◆ EXERCISE OBJECTIVE: Set down all of the lines below exactly as they are given.

Data entries:
########################################
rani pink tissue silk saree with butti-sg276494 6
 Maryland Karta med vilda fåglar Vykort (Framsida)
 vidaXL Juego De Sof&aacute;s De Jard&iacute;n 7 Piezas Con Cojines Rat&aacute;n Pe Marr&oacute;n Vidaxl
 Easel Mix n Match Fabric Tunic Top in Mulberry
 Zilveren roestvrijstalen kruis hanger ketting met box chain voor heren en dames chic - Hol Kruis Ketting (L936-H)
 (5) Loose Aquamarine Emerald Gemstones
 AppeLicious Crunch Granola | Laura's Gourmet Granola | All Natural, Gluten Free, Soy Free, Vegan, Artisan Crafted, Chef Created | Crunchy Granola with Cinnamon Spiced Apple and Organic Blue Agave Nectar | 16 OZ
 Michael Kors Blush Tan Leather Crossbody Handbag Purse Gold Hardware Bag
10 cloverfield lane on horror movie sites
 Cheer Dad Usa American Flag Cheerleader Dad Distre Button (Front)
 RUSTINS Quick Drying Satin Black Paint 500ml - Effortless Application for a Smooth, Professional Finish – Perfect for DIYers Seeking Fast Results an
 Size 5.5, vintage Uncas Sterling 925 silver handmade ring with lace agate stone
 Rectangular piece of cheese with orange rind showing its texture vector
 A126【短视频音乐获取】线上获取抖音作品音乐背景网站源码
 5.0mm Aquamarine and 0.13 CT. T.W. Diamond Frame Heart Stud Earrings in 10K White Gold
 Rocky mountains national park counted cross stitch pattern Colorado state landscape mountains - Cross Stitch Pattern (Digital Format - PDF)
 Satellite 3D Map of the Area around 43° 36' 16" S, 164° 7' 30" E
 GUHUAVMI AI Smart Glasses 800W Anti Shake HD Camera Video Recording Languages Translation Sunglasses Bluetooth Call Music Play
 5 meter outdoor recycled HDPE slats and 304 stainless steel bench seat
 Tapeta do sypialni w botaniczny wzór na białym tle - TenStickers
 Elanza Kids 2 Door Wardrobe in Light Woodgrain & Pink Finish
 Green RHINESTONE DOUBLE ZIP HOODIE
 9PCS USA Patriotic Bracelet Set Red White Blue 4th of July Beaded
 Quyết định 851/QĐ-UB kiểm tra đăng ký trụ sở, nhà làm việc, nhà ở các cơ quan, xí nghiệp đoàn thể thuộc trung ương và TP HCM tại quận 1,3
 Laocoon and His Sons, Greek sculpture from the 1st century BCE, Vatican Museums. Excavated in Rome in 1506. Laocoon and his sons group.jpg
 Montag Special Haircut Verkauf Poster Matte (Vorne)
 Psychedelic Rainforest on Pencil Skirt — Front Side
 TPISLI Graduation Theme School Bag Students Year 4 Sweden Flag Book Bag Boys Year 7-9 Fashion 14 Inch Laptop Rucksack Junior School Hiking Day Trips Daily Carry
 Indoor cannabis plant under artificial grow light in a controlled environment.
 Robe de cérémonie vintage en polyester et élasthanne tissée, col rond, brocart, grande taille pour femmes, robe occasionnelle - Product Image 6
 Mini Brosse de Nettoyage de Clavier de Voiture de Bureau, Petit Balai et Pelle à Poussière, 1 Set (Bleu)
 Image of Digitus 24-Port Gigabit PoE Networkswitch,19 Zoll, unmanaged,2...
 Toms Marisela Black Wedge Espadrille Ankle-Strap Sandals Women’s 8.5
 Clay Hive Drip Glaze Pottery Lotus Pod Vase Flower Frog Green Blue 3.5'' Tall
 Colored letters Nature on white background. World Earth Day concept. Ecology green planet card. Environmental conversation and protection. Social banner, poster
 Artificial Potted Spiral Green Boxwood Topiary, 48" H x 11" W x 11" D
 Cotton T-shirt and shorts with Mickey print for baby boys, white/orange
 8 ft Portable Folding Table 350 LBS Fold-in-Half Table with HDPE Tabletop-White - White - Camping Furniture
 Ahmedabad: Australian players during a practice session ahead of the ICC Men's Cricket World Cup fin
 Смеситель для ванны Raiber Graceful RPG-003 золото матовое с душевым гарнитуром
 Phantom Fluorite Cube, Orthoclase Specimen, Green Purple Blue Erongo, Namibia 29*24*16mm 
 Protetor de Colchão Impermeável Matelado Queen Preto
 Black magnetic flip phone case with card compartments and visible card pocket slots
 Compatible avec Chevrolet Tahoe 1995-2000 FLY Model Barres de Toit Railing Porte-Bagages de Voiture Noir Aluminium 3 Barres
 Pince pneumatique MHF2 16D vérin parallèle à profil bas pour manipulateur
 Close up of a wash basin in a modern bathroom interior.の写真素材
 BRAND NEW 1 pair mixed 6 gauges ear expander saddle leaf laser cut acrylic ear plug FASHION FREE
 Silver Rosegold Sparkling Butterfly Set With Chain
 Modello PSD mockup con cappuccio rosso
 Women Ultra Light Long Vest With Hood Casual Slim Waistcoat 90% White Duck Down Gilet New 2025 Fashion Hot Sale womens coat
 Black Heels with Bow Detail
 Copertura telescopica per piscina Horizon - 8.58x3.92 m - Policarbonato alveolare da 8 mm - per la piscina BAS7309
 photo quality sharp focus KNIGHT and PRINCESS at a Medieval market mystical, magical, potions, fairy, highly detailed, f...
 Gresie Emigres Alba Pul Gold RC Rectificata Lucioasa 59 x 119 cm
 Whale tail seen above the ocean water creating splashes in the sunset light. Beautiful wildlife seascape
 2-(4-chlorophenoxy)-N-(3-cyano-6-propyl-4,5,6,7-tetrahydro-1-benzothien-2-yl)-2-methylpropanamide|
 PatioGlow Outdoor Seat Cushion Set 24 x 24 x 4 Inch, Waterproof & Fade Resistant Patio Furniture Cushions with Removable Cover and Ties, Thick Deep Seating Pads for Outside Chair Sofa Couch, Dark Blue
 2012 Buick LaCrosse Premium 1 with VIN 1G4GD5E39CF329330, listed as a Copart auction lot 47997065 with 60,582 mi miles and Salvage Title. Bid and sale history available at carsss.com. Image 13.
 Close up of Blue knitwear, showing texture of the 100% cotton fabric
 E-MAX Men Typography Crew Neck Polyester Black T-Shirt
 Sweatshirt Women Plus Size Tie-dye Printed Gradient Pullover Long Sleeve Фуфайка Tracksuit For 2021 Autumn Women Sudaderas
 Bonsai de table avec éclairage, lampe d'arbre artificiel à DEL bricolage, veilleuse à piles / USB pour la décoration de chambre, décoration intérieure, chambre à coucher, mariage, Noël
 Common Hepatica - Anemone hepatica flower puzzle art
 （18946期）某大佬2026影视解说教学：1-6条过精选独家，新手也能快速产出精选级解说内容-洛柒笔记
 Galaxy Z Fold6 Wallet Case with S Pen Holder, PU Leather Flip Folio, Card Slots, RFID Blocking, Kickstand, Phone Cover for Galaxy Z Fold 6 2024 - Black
########################################
◆ TASK ANSWER:
rani pink tissue silk saree with butti-sg276494 6
 Maryland Karta med vilda fåglar Vykort (Framsida)
 vidaXL Juego De Sof&aacute;s De Jard&iacute;n 7 Piezas Con Cojines Rat&aacute;n Pe Marr&oacute;n Vidaxl
 Easel Mix n Match Fabric Tunic Top in Mulberry
 Zilveren roestvrijstalen kruis hanger ketting met box chain voor heren en dames chic - Hol Kruis Ketting (L936-H)
 (5) Loose Aquamarine Emerald Gemstones
 AppeLicious Crunch Granola | Laura's Gourmet Granola | All Natural, Gluten Free, Soy Free, Vegan, Artisan Crafted, Chef Created | Crunchy Granola with Cinnamon Spiced Apple and Organic Blue Agave Nectar | 16 OZ
 Michael Kors Blush Tan Leather Crossbody Handbag Purse Gold Hardware Bag
10 cloverfield lane on horror movie sites
 Cheer Dad Usa American Flag Cheerleader Dad Distre Button (Front)
 RUSTINS Quick Drying Satin Black Paint 500ml - Effortless Application for a Smooth, Professional Finish – Perfect for DIYers Seeking Fast Results an
 Size 5.5, vintage Uncas Sterling 925 silver handmade ring with lace agate stone
 Rectangular piece of cheese with orange rind showing its texture vector
 A126【短视频音乐获取】线上获取抖音作品音乐背景网站源码
 5.0mm Aquamarine and 0.13 CT. T.W. Diamond Frame Heart Stud Earrings in 10K White Gold
 Rocky mountains national park counted cross stitch pattern Colorado state landscape mountains - Cross Stitch Pattern (Digital Format - PDF)
 Satellite 3D Map of the Area around 43° 36' 16" S, 164° 7' 30" E
 GUHUAVMI AI Smart Glasses 800W Anti Shake HD Camera Video Recording Languages Translation Sunglasses Bluetooth Call Music Play
 5 meter outdoor recycled HDPE slats and 304 stainless steel bench seat
 Tapeta do sypialni w botaniczny wzór na białym tle - TenStickers
 Elanza Kids 2 Door Wardrobe in Light Woodgrain & Pink Finish
 Green RHINESTONE DOUBLE ZIP HOODIE
 9PCS USA Patriotic Bracelet Set Red White Blue 4th of July Beaded
 Quyết định 851/QĐ-UB kiểm tra đăng ký trụ sở, nhà làm việc, nhà ở các cơ quan, xí nghiệp đoàn thể thuộc trung ương và TP HCM tại quận 1,3
 Laocoon and His Sons, Greek sculpture from the 1st century BCE, Vatican Museums. Excavated in Rome in 1506. Laocoon and his sons group.jpg
 Montag Special Haircut Verkauf Poster Matte (Vorne)
 Psychedelic Rainforest on Pencil Skirt — Front Side
 TPISLI Graduation Theme School Bag Students Year 4 Sweden Flag Book Bag Boys Year 7-9 Fashion 14 Inch Laptop Rucksack Junior School Hiking Day Trips Daily Carry
 Indoor cannabis plant under artificial grow light in a controlled environment.
 Robe de cérémonie vintage en polyester et élasthanne tissée, col rond, brocart, grande taille pour femmes, robe occasionnelle - Product Image 6
 Mini Brosse de Nettoyage de Clavier de Voiture de Bureau, Petit Balai et Pelle à Poussière, 1 Set (Bleu)
 Image of Digitus 24-Port Gigabit PoE Networkswitch,19 Zoll, unmanaged,2...
 Toms Marisela Black Wedge Espadrille Ankle-Strap Sandals Women’s 8.5
 Clay Hive Drip Glaze Pottery Lotus Pod Vase Flower Frog Green Blue 3.5'' Tall
 Colored letters Nature on white background. World Earth Day concept. Ecology green planet card. Environmental conversation and protection. Social banner, poster
 Artificial Potted Spiral Green Boxwood Topiary, 48" H x 11" W x 11" D
 Cotton T-shirt and shorts with Mickey print for baby boys, white/orange
 8 ft Portable Folding Table 350 LBS Fold-in-Half Table with HDPE Tabletop-White - White - Camping Furniture
 Ahmedabad: Australian players during a practice session ahead of the ICC Men's Cricket World Cup fin
 Смеситель для ванны Raiber Graceful RPG-003 золото матовое с душевым гарнитуром
 Phantom Fluorite Cube, Orthoclase Specimen, Green Purple Blue Erongo, Namibia 29*24*16mm 
 Protetor de Colchão Impermeável Matelado Queen Preto
 Black magnetic flip phone case with card compartments and visible card pocket slots
 Compatible avec Chevrolet Tahoe 1995-2000 FLY Model Barres de Toit Railing Porte-Bagages de Voiture Noir Aluminium 3 Barres
 Pince pneumatique MHF2 16D vérin parallèle à profil bas pour manipulateur
 Close up of a wash basin in a modern bathroom interior.の写真素材
 BRAND NEW 1 pair mixed 6 gauges ear expander saddle leaf laser cut acrylic ear plug FASHION FREE
 Silver Rosegold Sparkling Butterfly Set With Chain
 Modello PSD mockup con cappuccio rosso
 Women Ultra Light Long Vest With Hood Casual Slim Waistcoat 90% White Duck Down Gilet New 2025 Fashion Hot Sale womens coat
 Black Heels with Bow Detail
 Copertura telescopica per piscina Horizon - 8.58x3.92 m - Policarbonato alveolare da 8 mm - per la piscina BAS7309
 photo quality sharp focus KNIGHT and PRINCESS at a Medieval market mystical, magical, potions, fairy, highly detailed, f...
 Gresie Emigres Alba Pul Gold RC Rectificata Lucioasa 59 x 119 cm
 Whale tail seen above the ocean water creating splashes in the sunset light. Beautiful wildlife seascape
 2-(4-chlorophenoxy)-N-(3-cyano-6-propyl-4,5,6,7-tetrahydro-1-benzothien-2-yl)-2-methylpropanamide|
 PatioGlow Outdoor Seat Cushion Set 24 x 24 x 4 Inch, Waterproof & Fade Resistant Patio Furniture Cushions with Removable Cover and Ties, Thick Deep Seating Pads for Outside Chair Sofa Couch, Dark Blue
 2012 Buick LaCrosse Premium 1 with VIN 1G4GD5E39CF329330, listed as a Copart auction lot 47997065 with 60,582 mi miles and Salvage Title. Bid and sale history available at carsss.com. Image 13.
 Close up of Blue knitwear, showing texture of the 100% cotton fabric
 E-MAX Men Typography Crew Neck Polyester Black T-Shirt
 Sweatshirt Women Plus Size Tie-dye Printed Gradient Pullover Long Sleeve Фуфайка Tracksuit For 2021 Autumn Women Sudaderas
 Bonsai de table avec éclairage, lampe d'arbre artificiel à DEL bricolage, veilleuse à piles / USB pour la décoration de chambre, décoration intérieure, chambre à coucher, mariage, Noël
 Common Hepatica - Anemone hepatica flower puzzle art
 （18946期）某大佬2026影视解说教学：1-6条过精选独家，新手也能快速产出精选级解说内容-洛柒笔记
 Galaxy Z Fold6 Wallet Case with S Pen Holder, PU Leather Flip Folio, Card Slots, RFID Blocking, Kickstand, Phone Cover for Galaxy Z Fold 6 2024 - Black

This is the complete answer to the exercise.